While the Nobel Prize in Literature does not explicitly aim to single out the most influential writers of a given generation (per Alfred Nobel, its purpose is to reward “the most outstanding work in an ideal direction”), that it should do so seems inevitable. The most outstanding work, after all, frequently proves to be the most read and most imitated. And indeed, that the Nobel sometimes helps to define the chain of literary influence from one era to the next can be one of the most gratifying things about the list. It is by this metric that Luigi Pirandello, the masterful Italian playwright, can be considered one of the most intriguing Nobel laureates, with his writing directly and obviously influencing at least three other future Nobel winners: Samuel Beckett, Albert Camus, and Harold Pinter.
Pirandello was born, lived, and wrote in Italy, moving between Palermo, Rome, and elsewhere over the course of his life. His father pushed him in the direction of a technical education, but Pirandello—obsessed from a young age with Italian folklore—could not be kept away from the study of literature. He eventually abandoned the sulfur mines of his father and earned a doctorate in Romance Philology. His personal life had an air of the Realism and Naturalism that pervaded the theater of the previous century. His relationship with his father was deeply strained, he broke an engagement with his cousin and married Antonietta Portulano who would eventually grow mentally unstable leading to her institutionalization, and by some accounts, he was saved from suicide only by his dedication to the theater. What ultimately separated him, then, from writers like Henrik Ibsen and August Strindberg was that where they reexamined the role of everyday tragic events in the theater, Pirandello was a student of the theatrical logic that governed day-to-day life.

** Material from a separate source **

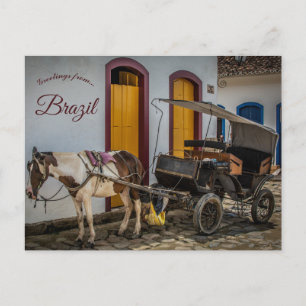 Pferd und Kutsche in Brasilien Postkarte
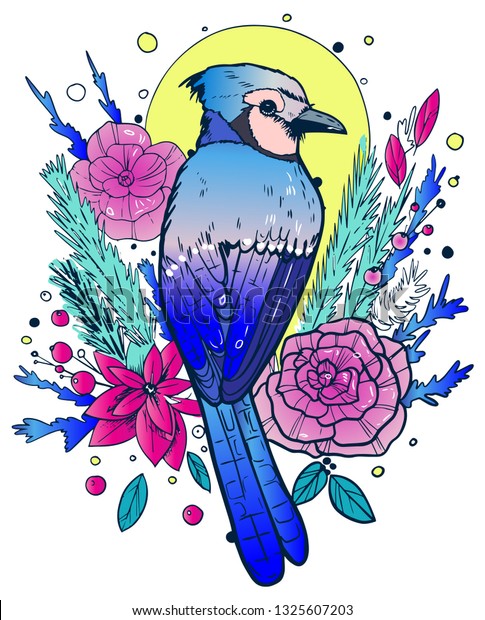 Blue Jay Illustration Tshirt Design Tattoo Stock Vector Royalty Free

In some ways, the pervasive idea that came to define the great dramatist’s plays was the notion, as Nobel spokesperson Per Hallström elaborates, of the “illusory nature of the personality.” While the idea was not new even in his day (Shakespeare himself notes that “all the world’s a stage” centuries earlier), in Pirandello’s deft hands the idea practically becomes its own aesthetic. Perhaps his most famous work, Six Characters in Search of an Author (1921), doesn’t just break the fourth wall—it shatters it and hides little pieces of it all around the theater. By depicting a theater rehearsal interrupted by the eponymous ‘characters in search of an author’, Pirandello troubles the relationship between performance and real life. When, at the play’s end, we find the director wondering seriously whether the various 'characters’' deaths have been in earnest or part of the performance, we can’t help but notice the way that crucial question applies to every moment of day-to-day life.
To chart the play’s running time, then, is to measure the span of time in which the Theatre of the Absurd (a tradition that dwells on existentialism and anxiety over the implications of a universe without meaning) was born. In this way, we can trace a line straight from Pirandello to three other Nobel Prize-winning playwrights: Albert Camus, Samuel Beckett, and Harold Pinter, each of whom would, in his own way take up the absurdist mantle. Where Beckett focused on the breakdown of rational communication and Pinter focused on the irrationality of human behavior, Camus worked in an explicitly philosophical mode, tackling the paradoxes of human existence. In this way, we can see how Pirandello’s success gave rise to not one but (at least) four Nobel Prizes, giving us a blueprint in the process for tracing literary influence through the 20th Century and beyond. That we can do so reveals one of the sometimes forgotten joys that come with studying this list of esteemed writers.